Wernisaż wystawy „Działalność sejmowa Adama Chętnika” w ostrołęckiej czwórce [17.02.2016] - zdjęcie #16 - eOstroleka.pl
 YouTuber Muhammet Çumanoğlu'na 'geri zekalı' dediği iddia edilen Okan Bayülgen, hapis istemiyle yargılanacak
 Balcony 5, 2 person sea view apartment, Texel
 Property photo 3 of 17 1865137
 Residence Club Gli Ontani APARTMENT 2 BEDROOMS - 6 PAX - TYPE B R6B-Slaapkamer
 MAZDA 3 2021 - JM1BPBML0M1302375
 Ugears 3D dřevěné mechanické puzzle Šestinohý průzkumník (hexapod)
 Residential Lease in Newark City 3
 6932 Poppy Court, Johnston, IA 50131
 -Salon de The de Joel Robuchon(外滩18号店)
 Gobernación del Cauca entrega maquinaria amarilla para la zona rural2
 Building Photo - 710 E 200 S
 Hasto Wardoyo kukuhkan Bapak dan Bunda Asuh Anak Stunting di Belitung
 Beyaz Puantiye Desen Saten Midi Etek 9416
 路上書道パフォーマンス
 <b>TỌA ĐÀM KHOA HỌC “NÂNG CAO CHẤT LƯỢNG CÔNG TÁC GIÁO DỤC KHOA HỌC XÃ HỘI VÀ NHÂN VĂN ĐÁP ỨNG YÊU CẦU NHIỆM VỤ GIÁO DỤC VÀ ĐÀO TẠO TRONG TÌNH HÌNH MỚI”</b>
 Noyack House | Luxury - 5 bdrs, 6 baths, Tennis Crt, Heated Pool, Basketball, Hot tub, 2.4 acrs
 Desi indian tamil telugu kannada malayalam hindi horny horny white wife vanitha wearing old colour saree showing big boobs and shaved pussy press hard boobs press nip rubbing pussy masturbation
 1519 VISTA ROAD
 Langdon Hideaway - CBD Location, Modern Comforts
******************************
In the data above, find the line that contains "6932 Poppy Court, Johnston, IA 50131" and the line that contains "路上書道パフォーマンス". Repeat exactly those lines and every line between them, and only those.

• Task result
 6932 Poppy Court, Johnston, IA 50131
 -Salon de The de Joel Robuchon(外滩18号店)
 Gobernación del Cauca entrega maquinaria amarilla para la zona rural2
 Building Photo - 710 E 200 S
 Hasto Wardoyo kukuhkan Bapak dan Bunda Asuh Anak Stunting di Belitung
 Beyaz Puantiye Desen Saten Midi Etek 9416
 路上書道パフォーマンス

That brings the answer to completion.